[[ RECORDS FOR THIS TASK open ]]
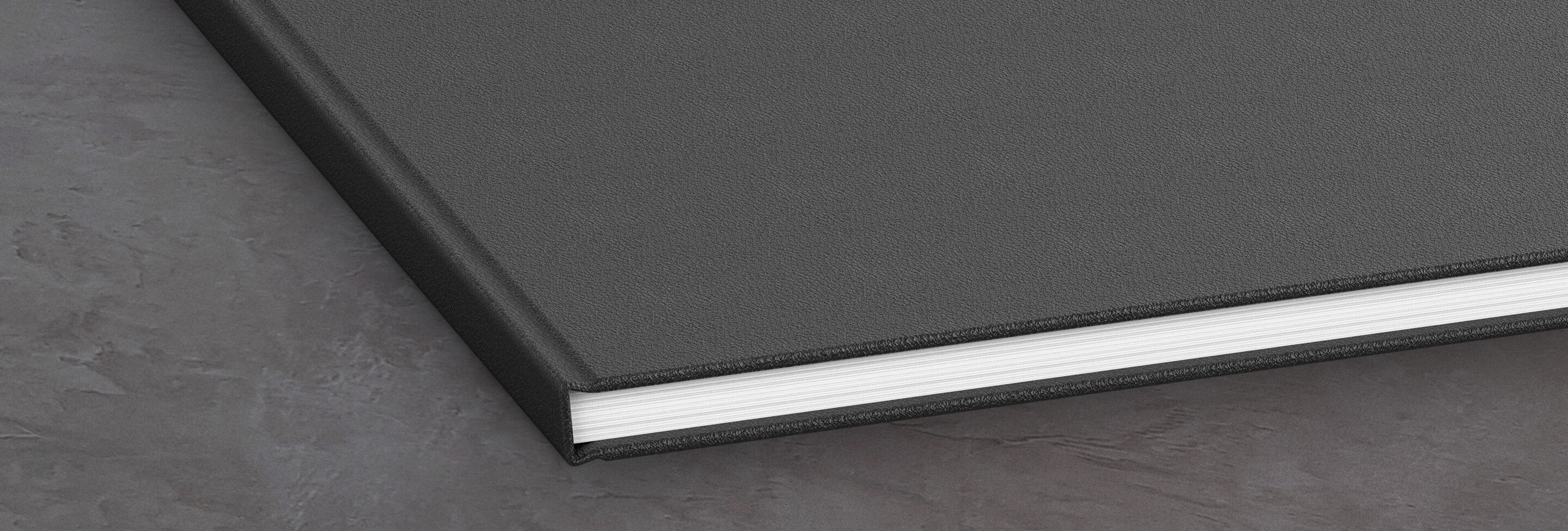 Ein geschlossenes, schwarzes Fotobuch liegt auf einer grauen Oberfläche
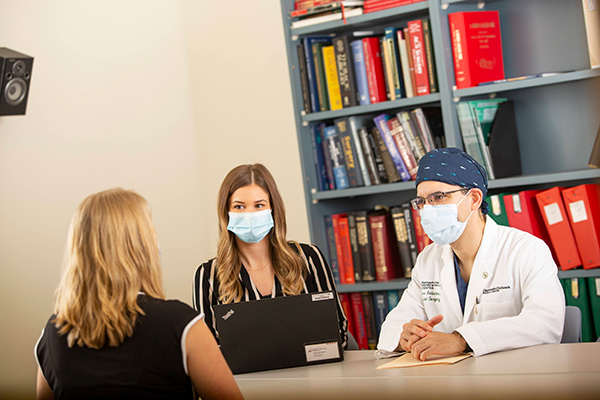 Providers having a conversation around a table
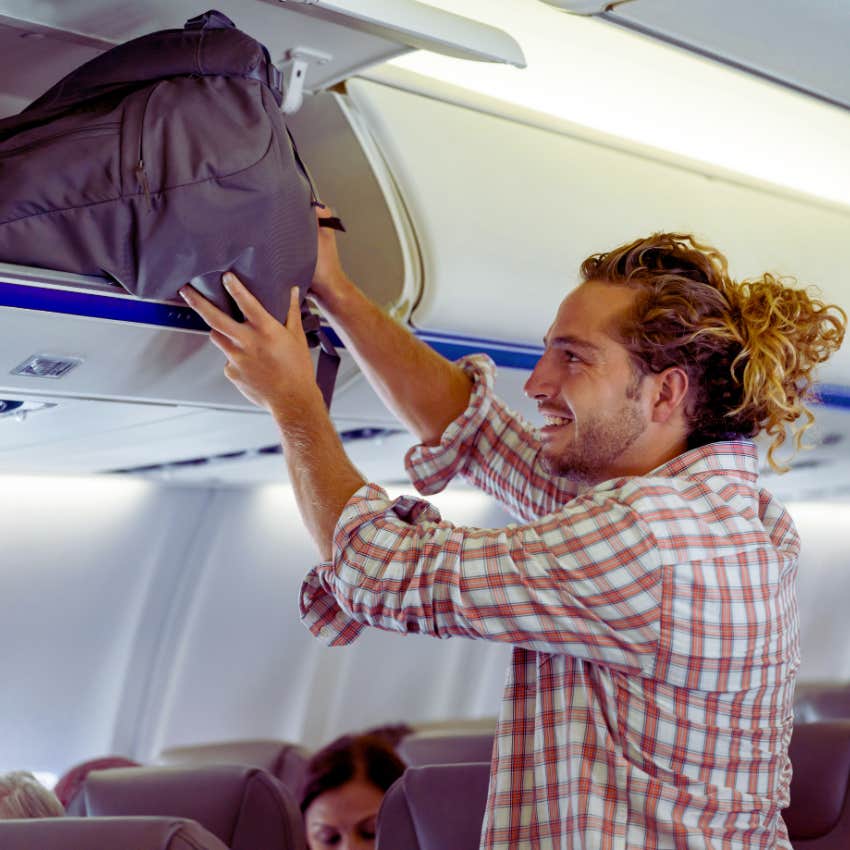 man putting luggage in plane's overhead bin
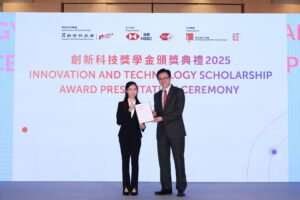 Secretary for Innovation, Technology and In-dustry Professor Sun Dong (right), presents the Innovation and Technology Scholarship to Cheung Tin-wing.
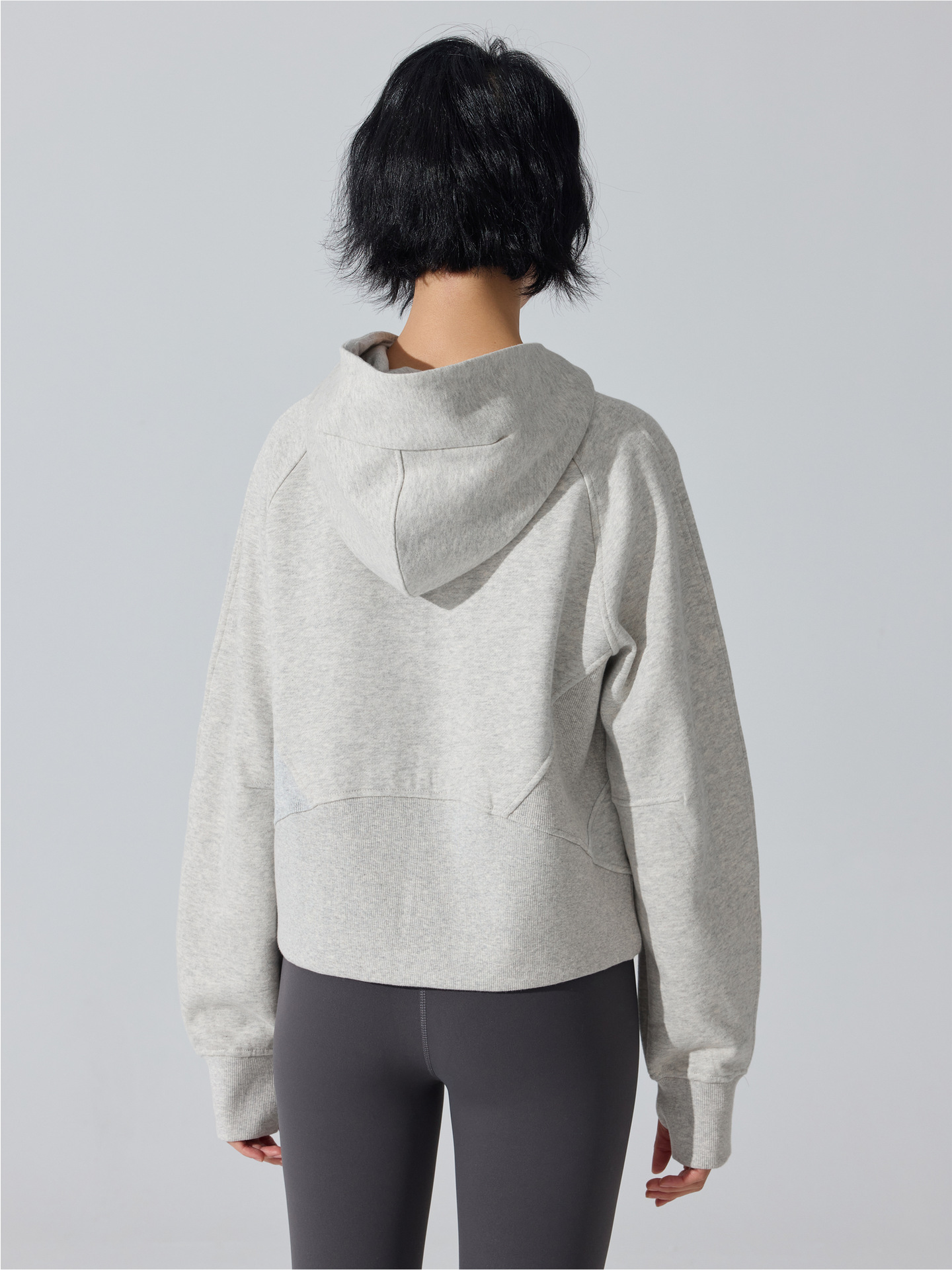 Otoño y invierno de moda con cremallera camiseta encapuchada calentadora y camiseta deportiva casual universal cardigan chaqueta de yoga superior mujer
[[ RECORDS FOR THIS TASK closed ]]
Could you transcribe every entry exactly, leaving out the pictures?

SOLUTION TO THIS TASK ::
 Ein geschlossenes, schwarzes Fotobuch liegt auf einer grauen Oberfläche
 Providers having a conversation around a table
 man putting luggage in plane's overhead bin
 Secretary for Innovation, Technology and In-dustry Professor Sun Dong (right), presents the Innovation and Technology Scholarship to Cheung Tin-wing.
 Otoño y invierno de moda con cremallera camiseta encapuchada calentadora y camiseta deportiva casual universal cardigan chaqueta de yoga superior mujer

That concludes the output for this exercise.